Marco Martiniello (born October 15, 1960) is an Italian-Belgian sociologist and political scientist. He teaches sociology of migration and ethnic relations at the University of Liège. He is currently research director at the Belgian National Fund for Scientific Research (F.R.S.-FNRS), and the director of the Centre for Ethnic and Migration Studies (CEDEM)., as well as Vice-Dean for Research at the Faculty of Social Sciences of the University of Liège.

Martiniello holds a B.A. in sociology from the University of Liège and a Ph.D. in social and political sciences from the European University Institute in Florence. He specializes in migration studies, ethnicity, multiculturalism, racism and citizenship in the European Union and in Belgium, and he is the author, editor or co-editor of numerous articles, book chapters, reports and books on these themes. His current research focuses on the integration, political participation and mobilization of immigrant minorities through the arts in super-diverse cities across the world (Belgium, Italy, South Africa, Australia and United States). Along his career, Martiniello has held numerous visiting appointments at New York University, Columbia University, Malmö University, City University of New York, University of Geneva, University of Kwazulu-Natal, University of Queensland, etc.
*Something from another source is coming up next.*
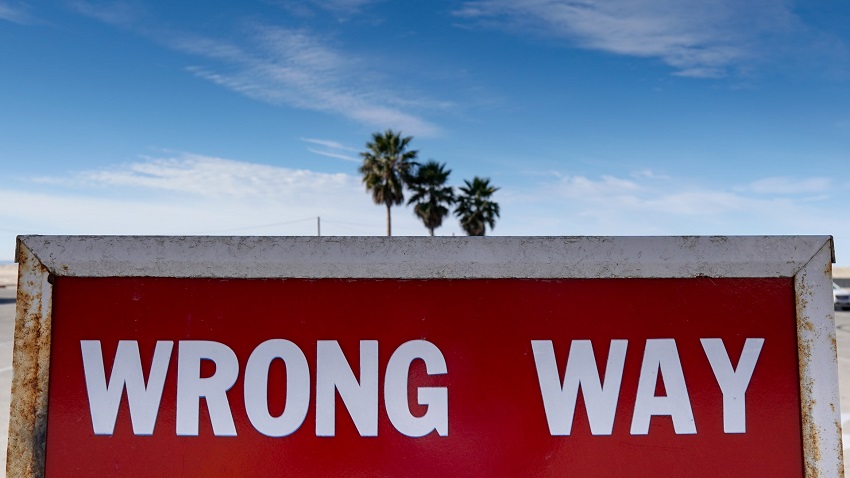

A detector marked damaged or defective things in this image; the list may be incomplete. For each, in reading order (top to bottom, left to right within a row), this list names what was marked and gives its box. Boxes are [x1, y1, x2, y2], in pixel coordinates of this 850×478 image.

rusty metal border [4, 236, 840, 478]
Besides academic achievements, Martiniello was also awarded with important civic distinctions including the honorary citizenship of the city of Liège in 2015, and the knighthood of the Order of the Star of Italy in 2017.
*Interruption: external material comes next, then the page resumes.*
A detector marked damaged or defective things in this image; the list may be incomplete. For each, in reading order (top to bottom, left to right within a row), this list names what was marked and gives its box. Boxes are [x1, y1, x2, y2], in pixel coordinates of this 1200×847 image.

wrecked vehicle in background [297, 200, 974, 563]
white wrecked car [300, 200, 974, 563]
== Selected publications (books) ==

Source:

- Leadership et pouvoir dans les communautés d'origine immigrée, L'Harmattan, 1992.
- Sortir des ghettos culturels, Presses de SciencesPo, 1997.
- Selected Studies in International Migration and Immigrant Incorporation (co-edited with Jan Rath), Amsterdam University Press, 2010.
- La démocratie multiculturelle. Citoyenneté, diversité, justice sociale, Presses de SciencesPo, 2011.
- An Introduction to International Migration Studies. European Perspective (co-edited with Jan Rath), Amsterdam University Press, 2012.
- Penser l'ethnicité Identité, culture et relations sociales, Presses Universitaires de Liège, 2013.
- Multiculturalism and the Arts in European Cities, Routledge, 2014.